Seligman and Peterson settled on 24 character strengths common to all cultures and eras after consulting works from Aristotle to Confucius, the Upanishads to the Torah, the Boy Scout Handbook to profiles of Pokémon characters. The list includes traits like love, humor, zest, bravery, citizenship, fairness, wisdom and integrity as well as things like social intelligence, kindness, self-regulation and gratitude.

Many would argue that character traits don’t belong in the classroom curriculum and that this should be the domain of parents and not teachers. Let’s face it, teachers have enough to handle at a time when American students academic scores are failing to keep pace with many students around the globe.

My own middle schooler is currently experiencing a great deal of anxiety over the increased demands sixth grade entails, and my wife and I can see that this anxiety is not strictly about the academics so much as the increased homework, internal pressure to do well, and the lack of mature coping skills.
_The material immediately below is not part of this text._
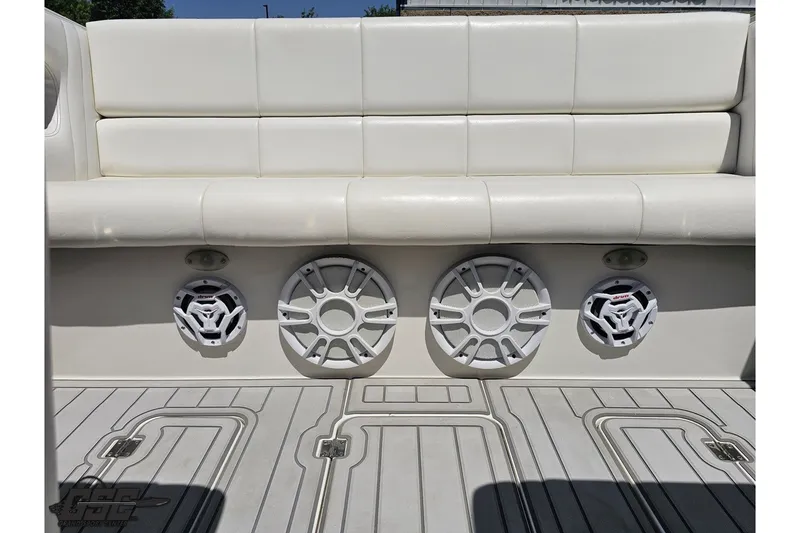 Slide: The Image of White leather seating and speakers on a 2001 Advantage 34 Offshore boat. - 80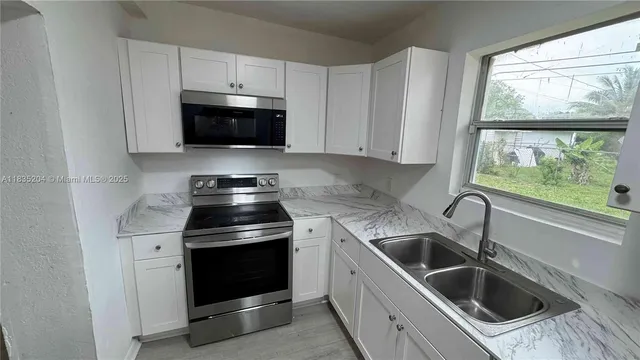 a kitchen with a stove and a sink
And as difficult as it is for we as parents to watch our child struggle and possibly fail, it may be fundamentally important to her success that we do. We all know at some level that kids need a little hardship or challenge they can overcome in order to prove to themselves that they can do so. This may be the best—if not the only—way to build confidence in oneself.

So if overcoming failure and having certain character traits are so important to success, what does this say about the workplace? How often do these traits show up in a job description or are even mentioned during an interview?

A successful interviewer should certainly probe a candidate for a time when he or she failed at something, and then look for what was learned or how that experience led to improvement. If the candidate is unable to provide an example of failing, that alone should raise red flags.

Character traits are more difficult to uncover yet they can be ascertained through repeated interactions and requests for stories from previous work experiences as well as through detailed conversations with professional references. Ultimately, character traits may never be quantified enough to fully measure, but that doesn’t mean they shouldn’t be looked for in a potential employee.

Many companies have a list of corporate values that include character traits that are consciously or unconsciously sought after in the people they hire. Knowing what these are and choosing to deliberately look for them in hiring should be emphasized.

What if your company looked for character traits like zest, grit, self-control, social intelligence, gratitude, optimism and curiosity in the people it hired? Would these be a good predictor of whether that employee succeeded or failed? I believe they would, but would love to know your thoughts.